→ Problem details
Please copy out the records that follow exactly as they stand.

→ Records to use

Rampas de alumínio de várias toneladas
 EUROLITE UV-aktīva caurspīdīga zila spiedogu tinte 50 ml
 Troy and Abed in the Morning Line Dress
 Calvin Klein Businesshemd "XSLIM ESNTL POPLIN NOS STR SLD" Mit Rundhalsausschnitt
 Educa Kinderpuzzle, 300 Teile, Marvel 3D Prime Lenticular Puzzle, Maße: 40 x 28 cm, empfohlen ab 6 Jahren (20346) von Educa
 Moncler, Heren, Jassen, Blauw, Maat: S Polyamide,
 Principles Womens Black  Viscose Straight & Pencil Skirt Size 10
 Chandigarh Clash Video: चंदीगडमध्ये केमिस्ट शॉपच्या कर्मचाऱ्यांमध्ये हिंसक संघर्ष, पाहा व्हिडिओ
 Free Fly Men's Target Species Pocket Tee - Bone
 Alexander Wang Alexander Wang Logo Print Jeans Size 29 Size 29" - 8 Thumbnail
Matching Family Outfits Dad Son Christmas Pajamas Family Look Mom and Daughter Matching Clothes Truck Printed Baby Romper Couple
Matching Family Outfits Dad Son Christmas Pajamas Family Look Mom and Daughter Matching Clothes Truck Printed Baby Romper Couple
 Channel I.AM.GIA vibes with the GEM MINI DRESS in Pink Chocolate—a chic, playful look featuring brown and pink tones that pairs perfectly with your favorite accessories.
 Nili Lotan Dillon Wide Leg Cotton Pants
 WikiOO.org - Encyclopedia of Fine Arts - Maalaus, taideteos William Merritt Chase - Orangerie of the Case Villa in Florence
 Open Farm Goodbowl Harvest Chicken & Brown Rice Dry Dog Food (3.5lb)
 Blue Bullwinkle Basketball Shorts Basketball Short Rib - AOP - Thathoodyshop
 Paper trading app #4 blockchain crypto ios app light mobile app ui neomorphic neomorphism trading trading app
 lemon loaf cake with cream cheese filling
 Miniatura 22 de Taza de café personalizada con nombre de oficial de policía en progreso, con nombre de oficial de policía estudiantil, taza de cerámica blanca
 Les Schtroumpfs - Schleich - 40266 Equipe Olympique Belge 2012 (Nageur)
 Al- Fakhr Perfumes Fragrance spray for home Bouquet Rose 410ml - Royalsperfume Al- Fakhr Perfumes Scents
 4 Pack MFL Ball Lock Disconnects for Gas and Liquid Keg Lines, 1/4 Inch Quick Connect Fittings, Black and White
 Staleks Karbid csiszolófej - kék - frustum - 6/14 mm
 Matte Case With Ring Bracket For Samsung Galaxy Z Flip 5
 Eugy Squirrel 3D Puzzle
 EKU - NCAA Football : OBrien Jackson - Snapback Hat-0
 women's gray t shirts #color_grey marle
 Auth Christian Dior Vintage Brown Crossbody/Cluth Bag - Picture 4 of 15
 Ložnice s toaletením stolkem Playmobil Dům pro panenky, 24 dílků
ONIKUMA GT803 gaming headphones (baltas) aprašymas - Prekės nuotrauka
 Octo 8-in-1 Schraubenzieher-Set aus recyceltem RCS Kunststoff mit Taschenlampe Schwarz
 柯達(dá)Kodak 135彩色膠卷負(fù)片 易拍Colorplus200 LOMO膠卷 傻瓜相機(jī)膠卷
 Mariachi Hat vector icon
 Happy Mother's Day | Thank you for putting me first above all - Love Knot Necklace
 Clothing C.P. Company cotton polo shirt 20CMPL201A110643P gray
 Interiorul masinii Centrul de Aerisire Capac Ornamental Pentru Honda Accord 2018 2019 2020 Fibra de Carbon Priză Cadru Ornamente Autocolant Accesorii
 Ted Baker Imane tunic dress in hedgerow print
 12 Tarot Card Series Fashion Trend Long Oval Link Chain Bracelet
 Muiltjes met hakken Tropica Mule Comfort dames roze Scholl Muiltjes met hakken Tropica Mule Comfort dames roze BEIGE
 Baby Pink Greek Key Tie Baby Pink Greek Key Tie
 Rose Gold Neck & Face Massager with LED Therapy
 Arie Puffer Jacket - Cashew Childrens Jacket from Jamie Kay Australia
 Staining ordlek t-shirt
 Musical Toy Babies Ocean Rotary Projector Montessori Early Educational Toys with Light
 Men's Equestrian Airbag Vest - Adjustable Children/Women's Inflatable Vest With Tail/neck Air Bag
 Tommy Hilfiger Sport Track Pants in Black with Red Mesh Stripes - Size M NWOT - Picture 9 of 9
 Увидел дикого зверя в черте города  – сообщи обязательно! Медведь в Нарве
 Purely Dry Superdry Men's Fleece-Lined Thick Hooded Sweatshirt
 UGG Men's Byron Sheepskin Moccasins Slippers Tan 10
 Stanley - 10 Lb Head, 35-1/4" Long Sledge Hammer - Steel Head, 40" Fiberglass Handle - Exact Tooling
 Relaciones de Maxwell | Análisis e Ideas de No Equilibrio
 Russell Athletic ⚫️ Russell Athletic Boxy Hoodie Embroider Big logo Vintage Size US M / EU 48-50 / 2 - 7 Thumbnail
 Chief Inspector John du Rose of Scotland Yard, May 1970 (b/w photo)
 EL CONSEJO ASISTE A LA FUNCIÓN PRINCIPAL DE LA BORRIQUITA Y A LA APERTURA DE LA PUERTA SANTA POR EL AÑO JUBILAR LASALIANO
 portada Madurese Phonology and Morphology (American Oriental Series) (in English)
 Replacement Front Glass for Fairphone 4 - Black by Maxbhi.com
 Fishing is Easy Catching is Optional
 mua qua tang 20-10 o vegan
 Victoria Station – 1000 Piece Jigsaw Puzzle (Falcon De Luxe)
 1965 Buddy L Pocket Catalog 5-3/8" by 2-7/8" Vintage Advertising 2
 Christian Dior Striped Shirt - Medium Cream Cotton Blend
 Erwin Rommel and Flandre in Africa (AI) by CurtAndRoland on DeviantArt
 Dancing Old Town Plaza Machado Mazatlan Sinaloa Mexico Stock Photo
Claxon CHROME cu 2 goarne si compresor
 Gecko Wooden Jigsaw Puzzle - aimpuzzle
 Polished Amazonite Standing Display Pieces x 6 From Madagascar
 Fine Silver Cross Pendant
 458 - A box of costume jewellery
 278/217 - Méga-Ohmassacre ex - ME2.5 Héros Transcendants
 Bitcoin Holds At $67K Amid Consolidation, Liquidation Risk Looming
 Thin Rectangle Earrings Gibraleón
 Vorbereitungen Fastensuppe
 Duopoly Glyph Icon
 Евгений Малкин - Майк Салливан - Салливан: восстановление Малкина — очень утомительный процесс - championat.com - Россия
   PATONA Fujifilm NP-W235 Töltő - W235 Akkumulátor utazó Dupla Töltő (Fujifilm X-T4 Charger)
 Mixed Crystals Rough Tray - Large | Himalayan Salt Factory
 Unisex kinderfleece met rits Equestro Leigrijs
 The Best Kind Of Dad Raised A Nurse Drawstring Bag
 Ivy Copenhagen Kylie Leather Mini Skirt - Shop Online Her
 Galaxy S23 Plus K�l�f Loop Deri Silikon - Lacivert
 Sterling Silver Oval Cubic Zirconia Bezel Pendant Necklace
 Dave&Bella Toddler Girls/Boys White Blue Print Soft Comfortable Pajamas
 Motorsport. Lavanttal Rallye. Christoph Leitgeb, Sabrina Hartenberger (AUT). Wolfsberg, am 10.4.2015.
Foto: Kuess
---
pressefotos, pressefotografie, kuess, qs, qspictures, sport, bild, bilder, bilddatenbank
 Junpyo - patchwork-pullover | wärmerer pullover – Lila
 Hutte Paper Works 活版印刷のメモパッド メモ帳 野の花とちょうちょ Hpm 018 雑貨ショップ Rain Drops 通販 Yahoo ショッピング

→ The answer
Rampas de alumínio de várias toneladas
 EUROLITE UV-aktīva caurspīdīga zila spiedogu tinte 50 ml
 Troy and Abed in the Morning Line Dress
 Calvin Klein Businesshemd "XSLIM ESNTL POPLIN NOS STR SLD" Mit Rundhalsausschnitt
 Educa Kinderpuzzle, 300 Teile, Marvel 3D Prime Lenticular Puzzle, Maße: 40 x 28 cm, empfohlen ab 6 Jahren (20346) von Educa
 Moncler, Heren, Jassen, Blauw, Maat: S Polyamide,
 Principles Womens Black  Viscose Straight & Pencil Skirt Size 10
 Chandigarh Clash Video: चंदीगडमध्ये केमिस्ट शॉपच्या कर्मचाऱ्यांमध्ये हिंसक संघर्ष, पाहा व्हिडिओ
 Free Fly Men's Target Species Pocket Tee - Bone
 Alexander Wang Alexander Wang Logo Print Jeans Size 29 Size 29" - 8 Thumbnail
Matching Family Outfits Dad Son Christmas Pajamas Family Look Mom and Daughter Matching Clothes Truck Printed Baby Romper Couple
Matching Family Outfits Dad Son Christmas Pajamas Family Look Mom and Daughter Matching Clothes Truck Printed Baby Romper Couple
 Channel I.AM.GIA vibes with the GEM MINI DRESS in Pink Chocolate—a chic, playful look featuring brown and pink tones that pairs perfectly with your favorite accessories.
 Nili Lotan Dillon Wide Leg Cotton Pants
 WikiOO.org - Encyclopedia of Fine Arts - Maalaus, taideteos William Merritt Chase - Orangerie of the Case Villa in Florence
 Open Farm Goodbowl Harvest Chicken & Brown Rice Dry Dog Food (3.5lb)
 Blue Bullwinkle Basketball Shorts Basketball Short Rib - AOP - Thathoodyshop
 Paper trading app #4 blockchain crypto ios app light mobile app ui neomorphic neomorphism trading trading app
 lemon loaf cake with cream cheese filling
 Miniatura 22 de Taza de café personalizada con nombre de oficial de policía en progreso, con nombre de oficial de policía estudiantil, taza de cerámica blanca
 Les Schtroumpfs - Schleich - 40266 Equipe Olympique Belge 2012 (Nageur)
 Al- Fakhr Perfumes Fragrance spray for home Bouquet Rose 410ml - Royalsperfume Al- Fakhr Perfumes Scents
 4 Pack MFL Ball Lock Disconnects for Gas and Liquid Keg Lines, 1/4 Inch Quick Connect Fittings, Black and White
 Staleks Karbid csiszolófej - kék - frustum - 6/14 mm
 Matte Case With Ring Bracket For Samsung Galaxy Z Flip 5
 Eugy Squirrel 3D Puzzle
 EKU - NCAA Football : OBrien Jackson - Snapback Hat-0
 women's gray t shirts #color_grey marle
 Auth Christian Dior Vintage Brown Crossbody/Cluth Bag - Picture 4 of 15
 Ložnice s toaletením stolkem Playmobil Dům pro panenky, 24 dílků
ONIKUMA GT803 gaming headphones (baltas) aprašymas - Prekės nuotrauka
 Octo 8-in-1 Schraubenzieher-Set aus recyceltem RCS Kunststoff mit Taschenlampe Schwarz
 柯達(dá)Kodak 135彩色膠卷負(fù)片 易拍Colorplus200 LOMO膠卷 傻瓜相機(jī)膠卷
 Mariachi Hat vector icon
 Happy Mother's Day | Thank you for putting me first above all - Love Knot Necklace
 Clothing C.P. Company cotton polo shirt 20CMPL201A110643P gray
 Interiorul masinii Centrul de Aerisire Capac Ornamental Pentru Honda Accord 2018 2019 2020 Fibra de Carbon Priză Cadru Ornamente Autocolant Accesorii
 Ted Baker Imane tunic dress in hedgerow print
 12 Tarot Card Series Fashion Trend Long Oval Link Chain Bracelet
 Muiltjes met hakken Tropica Mule Comfort dames roze Scholl Muiltjes met hakken Tropica Mule Comfort dames roze BEIGE
 Baby Pink Greek Key Tie Baby Pink Greek Key Tie
 Rose Gold Neck & Face Massager with LED Therapy
 Arie Puffer Jacket - Cashew Childrens Jacket from Jamie Kay Australia
 Staining ordlek t-shirt
 Musical Toy Babies Ocean Rotary Projector Montessori Early Educational Toys with Light
 Men's Equestrian Airbag Vest - Adjustable Children/Women's Inflatable Vest With Tail/neck Air Bag
 Tommy Hilfiger Sport Track Pants in Black with Red Mesh Stripes - Size M NWOT - Picture 9 of 9
 Увидел дикого зверя в черте города  – сообщи обязательно! Медведь в Нарве
 Purely Dry Superdry Men's Fleece-Lined Thick Hooded Sweatshirt
 UGG Men's Byron Sheepskin Moccasins Slippers Tan 10
 Stanley - 10 Lb Head, 35-1/4" Long Sledge Hammer - Steel Head, 40" Fiberglass Handle - Exact Tooling
 Relaciones de Maxwell | Análisis e Ideas de No Equilibrio
 Russell Athletic ⚫️ Russell Athletic Boxy Hoodie Embroider Big logo Vintage Size US M / EU 48-50 / 2 - 7 Thumbnail
 Chief Inspector John du Rose of Scotland Yard, May 1970 (b/w photo)
 EL CONSEJO ASISTE A LA FUNCIÓN PRINCIPAL DE LA BORRIQUITA Y A LA APERTURA DE LA PUERTA SANTA POR EL AÑO JUBILAR LASALIANO
 portada Madurese Phonology and Morphology (American Oriental Series) (in English)
 Replacement Front Glass for Fairphone 4 - Black by Maxbhi.com
 Fishing is Easy Catching is Optional
 mua qua tang 20-10 o vegan
 Victoria Station – 1000 Piece Jigsaw Puzzle (Falcon De Luxe)
 1965 Buddy L Pocket Catalog 5-3/8" by 2-7/8" Vintage Advertising 2
 Christian Dior Striped Shirt - Medium Cream Cotton Blend
 Erwin Rommel and Flandre in Africa (AI) by CurtAndRoland on DeviantArt
 Dancing Old Town Plaza Machado Mazatlan Sinaloa Mexico Stock Photo
Claxon CHROME cu 2 goarne si compresor
 Gecko Wooden Jigsaw Puzzle - aimpuzzle
 Polished Amazonite Standing Display Pieces x 6 From Madagascar
 Fine Silver Cross Pendant
 458 - A box of costume jewellery
 278/217 - Méga-Ohmassacre ex - ME2.5 Héros Transcendants
 Bitcoin Holds At $67K Amid Consolidation, Liquidation Risk Looming
 Thin Rectangle Earrings Gibraleón
 Vorbereitungen Fastensuppe
 Duopoly Glyph Icon
 Евгений Малкин - Майк Салливан - Салливан: восстановление Малкина — очень утомительный процесс - championat.com - Россия
   PATONA Fujifilm NP-W235 Töltő - W235 Akkumulátor utazó Dupla Töltő (Fujifilm X-T4 Charger)
 Mixed Crystals Rough Tray - Large | Himalayan Salt Factory
 Unisex kinderfleece met rits Equestro Leigrijs
 The Best Kind Of Dad Raised A Nurse Drawstring Bag
 Ivy Copenhagen Kylie Leather Mini Skirt - Shop Online Her
 Galaxy S23 Plus K�l�f Loop Deri Silikon - Lacivert
 Sterling Silver Oval Cubic Zirconia Bezel Pendant Necklace
 Dave&Bella Toddler Girls/Boys White Blue Print Soft Comfortable Pajamas
 Motorsport. Lavanttal Rallye. Christoph Leitgeb, Sabrina Hartenberger (AUT). Wolfsberg, am 10.4.2015.
Foto: Kuess
---
pressefotos, pressefotografie, kuess, qs, qspictures, sport, bild, bilder, bilddatenbank
 Junpyo - patchwork-pullover | wärmerer pullover – Lila
 Hutte Paper Works 活版印刷のメモパッド メモ帳 野の花とちょうちょ Hpm 018 雑貨ショップ Rain Drops 通販 Yahoo ショッピング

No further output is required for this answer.